Libretto by Antonio Somma after Eugène Scribe
World premiere February 17 1859, Teatro Apollo, Rome.
Sung in Italian with German & English surtitles
Introductory talks begin in the Holzfoyer 30 minutes before curtain up, and appear here, and everywhere podcasts can be found, shortly after opening night
Conductor Thomas Guggeis / Simone Di Felice
Riccardo Matteo Lippi
Amelia Guanqun Yu
Renato Mikołaj Trąbka
Ulrica Emanuela Pascu
Oscar Anna Nekhames / Younji Yi°
Silvano Taehan Kim
Samuel Pete Thanapat
Tom Inho Jeong
A Judge Michael McCown
°Member of the Opera Studio
Dancing on a razor’s edge: Riccardo has an affair with his best friend’s wife. The result? Deadly!
After Giuseppe Verdi laid his foundation stones for future success with operas like Rigoletto, La Traviata and Il trovatore in the 1850s, he started looking for new challenges, feeling drawn to works which combined humour with tragedy, instead of the »monotony« of Italian melodramme, and discovered Eugène Scribe’s play Gustave III ou La bal masqué, based on the murder of the King of Sweden in 1792. He set it to music, with his librettist Antonio Somma, but it quickly fell foul of Italian censors: killing a monarch on stage was just not on, which led to the setting for the opera being changed several times.
At the world premiere in Rome 1859 the action took place Boston. Verdi was more interested in the »dramatic situations« his protagonists found themselves in, which he brought to life with oodles of psychological sensitivity, than historical context: Riccardo’s having an affair with Amelia, wife of Renato, his friend and advisor. He brushes aside the fact that his assassination’s being planned, choosing to enjoy the more pleasurable things in life. Renato interrupts a rendezvous between Riccardo and Amelia. Wounded to the core, he joins the conspirators and shoots Riccardo dead at a masked ball.

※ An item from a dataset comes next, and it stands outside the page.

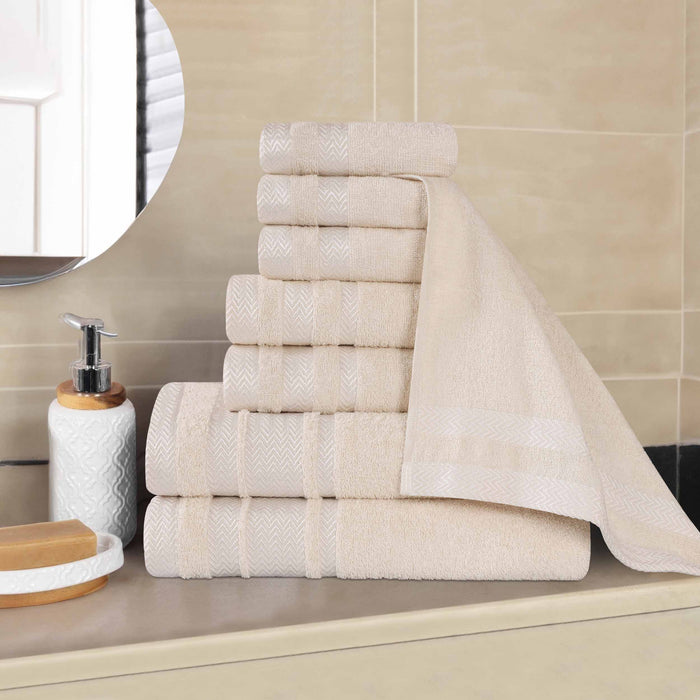 Hays Cotton Medium Weight 8 Piece Towel Set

The contrasts in the libretto are mirrored in Verdi’s score: The love scenes between Amelia and Riccardo have an intimate, almost transcendental quality, while dangerous ones often turn grotesque. The music drives the characters sometimes dancing, sometimes whispering to the sticky end the seer Ulrica prophesied earlier on in the opera.